Gold imports by China from Hong Kong fell for the first time in four months in January after a surge in purchases in the previous months to meet Lunar New Year demand and as investors curbed buying on falling prices.
Mainland China bought 51,303 kilograms (51.303 metric tons) of gold, including scrap and coins, down from a record 114,405 kilograms in December, according to export data released by Hong Kong’s Census and Statistics Department yesterday. Mainland China doesn’t publish such data.
Gold has fallen about 6.5 percent this year as the U.S. stocks extended a record rally amid speculation that the Federal Reserve may rein in stimulus as the recovery gains traction, curbing demand for safe-haven assets. Billionaire investor George Soros cut his stake in the SPDR Gold Trust, the biggest exchange-traded fund backed by gold, by 55 percent in the fourth quarter, according to government filings.
“The mainland Chinese gold consumption is highly correlated to the seasons -- usually peaking in the months leading to the Lunar New Year,” Song Heping, assistant general manager at Xiamen City Commercial Bank Co., said by phone from Xiamen yesterday. The weeklong Lunar New Year holiday was in February this year and in January in 2012.

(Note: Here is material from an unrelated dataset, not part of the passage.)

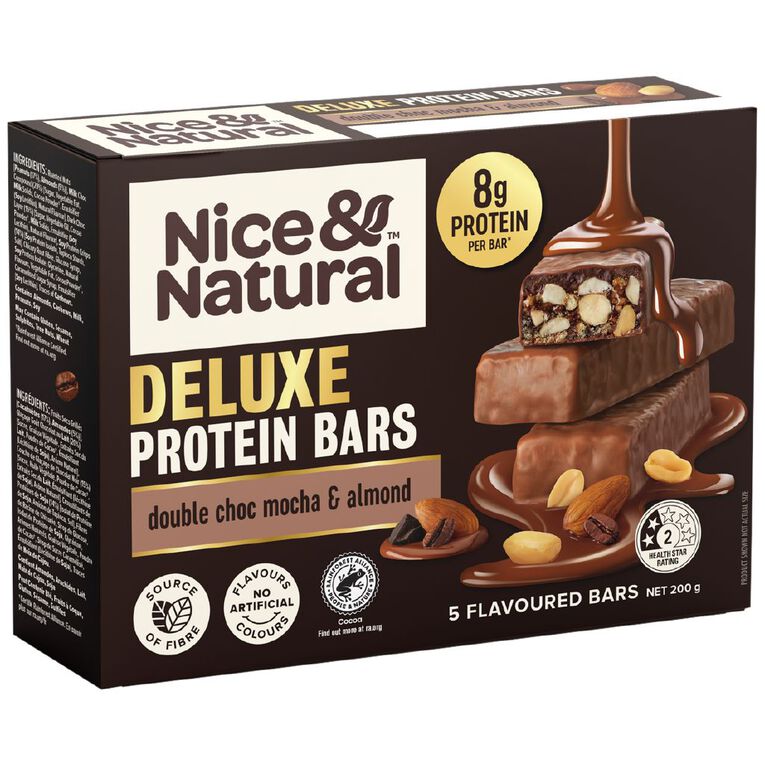 Nice & Natural Deluxe Protein Bar Dark Chocolate 5 Pack, , hi-res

Purchases in January were 56 percent higher than the 32,948 kilograms a year earlier, the data showed. Shipments almost doubled to 834,502 kilograms in 2012 from a year ago, according to Bloomberg calculations, as rising incomes in the world’s second-largest economy underpinned increased demand and helped the metal to post a 12th annual gain.

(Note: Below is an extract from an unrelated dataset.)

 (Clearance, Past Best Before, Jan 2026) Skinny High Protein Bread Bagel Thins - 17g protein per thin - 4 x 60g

“Apart from the usual season-related demand issue, investors also shied away from bullion due to perceived weakness in prices,” Jiang Shu, a senior analyst at Industrial Bank Co., said from Shanghai.
Gold futures for April delivery slumped 0.6 percent to $1,566 an ounce at 9:34 a.m. on the Comex in New York. A close at that price would mark the largest drop for a most-active contract since Feb. 28, capping a fifth straight weekly decline.
Exports to Hong Kong from China were 31,723 kilograms in January, according to a separate Statistics Department statement, up from 29,718 kilograms in December, and compared with 5,102 kilograms in January 2012. Net imports by China, after deducting flows to Hong Kong from China, were 19,580 kilograms in January, compared with 84,687 kilograms a month earlier.